The Bible is (mostly) a book for grown-ups

While I disagree with much of what she sayabout the Bible and theology in the opening paragraphs of this HuffPost piece, I mostly liked Yale religious studies professor Christine Hayes’s “five common misconceptions about the Bible.”

She overstates misconception #5. No surprise there: anyone who refers to the God of Christianity as “the god of western theological speculation” is obviously prone to overstatement. (It would come as a surprise to our Eastern Orthodox brothers and sisters, among others, that the triune God of the Nicene Creed is a product of western theological reflection!)

She writes, “The attributes assigned to ‘God’ by post-biblical theologians—such as omniscience and immutability—are simply not attributes possessed by the character Yahweh as drawn in biblical narratives.” Really? Beware of any Bible scholar who uses the word “simply not,” because you can be sure that what he or she is saying is highly disputed and far from simple. Little about the Bible is simple—and isn’t that the main point of her blog post? Oh, well…

Needless to say, at times Yahweh possesses the attributes of omniscience and immutability (among others). The Old Testament speaks with multiple voices on the subject of God and God’s attributes, and it is the legitimate task of theology to synthesize or make sense of these voices.

Still, I strongly agree with her misconception #4—that the stories of the Old Testament are “pious parables about saints” or “G-rated tales easily understood by children.” They are, instead,

psychologically real stories about very human beings whose behavior can be scandalous, violent, rebellious, outrageous, lewd and vicious. At the same time, like real people, biblical characters can change and act with justice and compassion. Nevertheless, many readers are shocked and disgusted to discover that Jacob is a deceiver, Joseph is an arrogant, spoiled brat and Judah sleeps with his daughter-in-law when she is disguised as a prostitute!
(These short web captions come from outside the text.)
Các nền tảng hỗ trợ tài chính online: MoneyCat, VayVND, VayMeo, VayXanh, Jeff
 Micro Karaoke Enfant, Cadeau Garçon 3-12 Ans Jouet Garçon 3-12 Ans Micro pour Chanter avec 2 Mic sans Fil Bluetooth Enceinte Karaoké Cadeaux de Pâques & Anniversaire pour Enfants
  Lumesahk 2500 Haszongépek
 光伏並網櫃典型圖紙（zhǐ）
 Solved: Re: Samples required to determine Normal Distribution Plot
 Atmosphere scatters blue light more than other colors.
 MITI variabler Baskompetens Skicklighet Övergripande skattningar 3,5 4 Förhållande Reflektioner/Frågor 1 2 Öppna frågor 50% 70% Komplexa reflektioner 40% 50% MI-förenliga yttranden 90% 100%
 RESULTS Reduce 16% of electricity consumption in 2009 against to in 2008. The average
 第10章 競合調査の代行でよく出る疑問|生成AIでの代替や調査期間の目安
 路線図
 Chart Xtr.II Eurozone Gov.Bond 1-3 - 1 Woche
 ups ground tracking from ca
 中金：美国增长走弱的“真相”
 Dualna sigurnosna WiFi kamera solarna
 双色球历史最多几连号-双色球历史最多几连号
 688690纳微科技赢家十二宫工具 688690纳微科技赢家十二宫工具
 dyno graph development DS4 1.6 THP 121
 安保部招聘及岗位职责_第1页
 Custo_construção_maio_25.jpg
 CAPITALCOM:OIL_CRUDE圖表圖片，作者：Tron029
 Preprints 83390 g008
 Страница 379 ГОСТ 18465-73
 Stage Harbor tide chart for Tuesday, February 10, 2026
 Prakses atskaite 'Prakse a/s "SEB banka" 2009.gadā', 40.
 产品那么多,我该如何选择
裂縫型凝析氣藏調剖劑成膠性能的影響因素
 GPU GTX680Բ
The unfounded expectation that biblical characters are perfectly pious models for our own conduct causes many readers to work to vindicate biblical characters, just because they are biblical characters. But if we attribute to these characters the reputation for piety manufactured by later religious traditions, if we whitewash their flaws, then we miss the moral complexities and the deep psychological insights that have made these (often R-rated) stories of timeless interest. Biblical narratives place serious demands on their readers. The stories rarely moralize. They explore moral issues and situations by placing biblical characters in moral dilemmas — but they usually leave the reader to draw his or her own conclusions.